Le gouvernement wallon a mobilisé tous les acteurs de terrain, toutes les sociétés de logement en leur demandant de donner priorité aux sinistrés. «Ces personnes deviennent prioritaires pour un logement social, c’est un statut d’un an pour gérer l’urgence.» Actuellement, en Wallonie, 290 ménages ont été relogés (232 occupaient déjà un logement public). «On a utilisé tout ce qui était disponible comme logement», note le ministre wallon. La Wallonie a ainsi dégagé 40 millions et a demandé aux sociétés de logement public de sonder le marché immobilier, d’acheter les appartements disponibles pour reloger les gens.

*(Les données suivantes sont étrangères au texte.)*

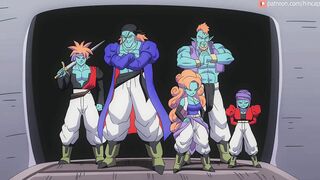 Dragon Ball Z Episodio 04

Elle a aussi mobilisé les gîtes et les Airbnb (avec prime de 1000€ pour les propriétaires pour qu’ils louent moins cher). La Régie des bâtiments a mis des logements à disposition (un policier inondé, de Trooz, a ainsi trouvé un logement à l’ancienne gendarmerie de Huy). Enfin, les AIS (les Agences immobilières sociales) ont proposé aux propriétaires de biens de les mettre à la disposition des sinistrés (avec, en contrepartie, un précompte réduit et des subsides pour faire des travaux). «On a essayé d’utiliser tout ce qui était disponible», explique Christophe Collignon. Avec aussi l’instauration d’une allocation loyer, une commande de logements modulaires – des habitats légers ou des conteneurs – (et la Commune d’Esneux est intéressée). Certaines de ces mesures seront conservées (comme le modulaire) pour répondre à la crise du logement. Enfin, la Wallonie a lancé une plateforme solidaire pour centraliser les offres et les demandes spécifiques en termes de logement (www.entraide.logement.wallonie.be).